We thank the referee for the constructive and detailed feedback. The comments identify key areas where greater specificity and robustness checks will strengthen the manuscript. We respond point by point below and commit to the indicated revisions.

read point-by-point responses

Referee: [Methods (feature extraction and analysis pipeline)] The extraction of harmonic scale degrees from transcribed MIDI (including key detection, scale representation, and transition definition) is not described with sufficient specificity to allow reproduction or error analysis. This is load-bearing for the transition distributions, entropy values, KL divergences, and especially the Zipfian R² computations that underpin the separation claim.

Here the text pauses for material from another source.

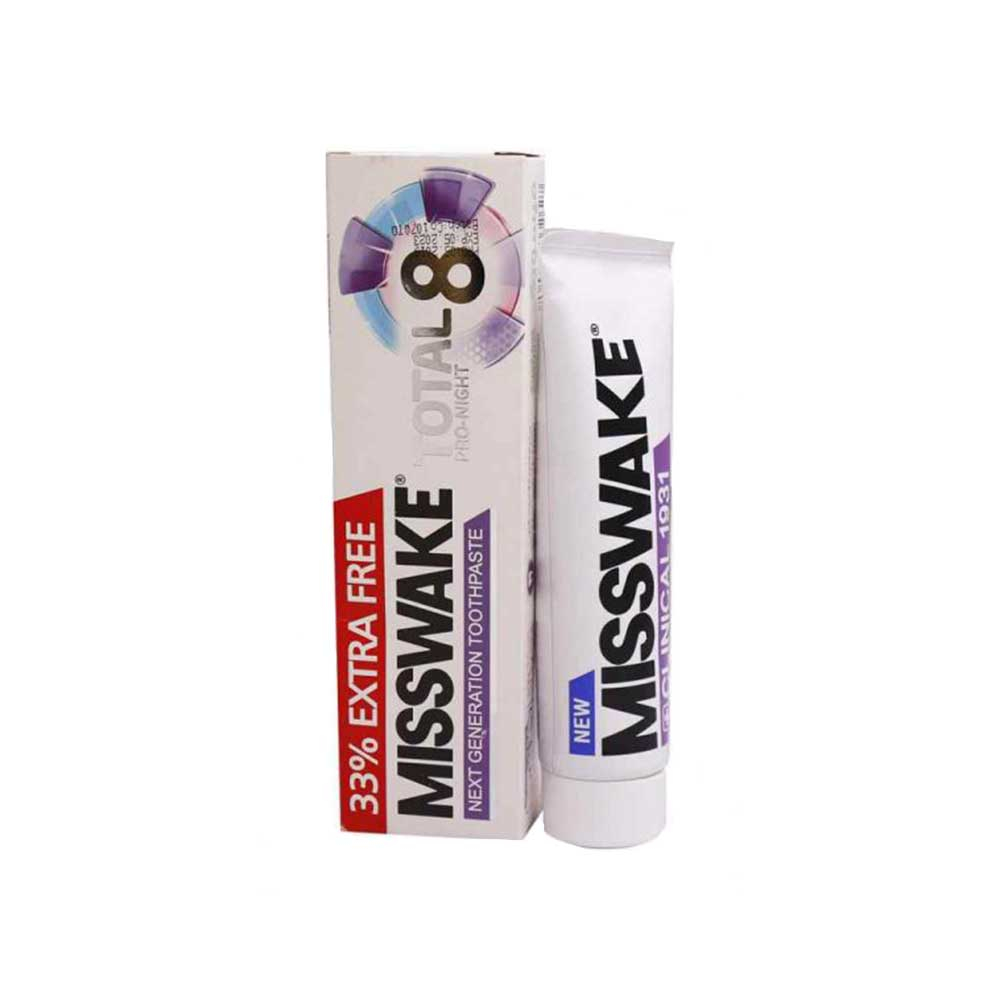 خمیر دندان  75ml Total 8 Pro Night میسویک Misswake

Authors: We agree that the current Methods description of the harmonic scale-degree pipeline is insufficiently detailed for reproduction. In the revised manuscript we will expand the relevant subsection to specify: the key-detection algorithm and its parameters (with reference to the implementation), the exact mapping from MIDI pitches to scale degrees (including treatment of chromaticism, modulations, and non-diatonic notes), and the operational definition of transitions (note-to-note versus chordal, temporal windowing if any). We will also insert pseudocode that traces the full path from aligned MIDI events to the Laplace-smoothed empirical transition matrix. These additions will make the entropy, KL, and Zipfian R² calculations directly replicable. revision: yes
Referee: [Results (composer separation and Zipfian modeling)] The separation result (mean R² = 0.78 neoclassical vs. 0.46 historical) is presented as evidence of a compact transition vocabulary in contemporary artists, but the transcription validation is confined to the MAESTRO classical benchmark. No style-specific error rates, perturbation tests, or sensitivity analysis for contemporary acoustics (e.g., repetitive patterns in Glass or ambient elements in Arnalds) are reported, leaving open the possibility that systematic pitch or duration biases differentially affect the empirical transition probabilities and R² values between groups.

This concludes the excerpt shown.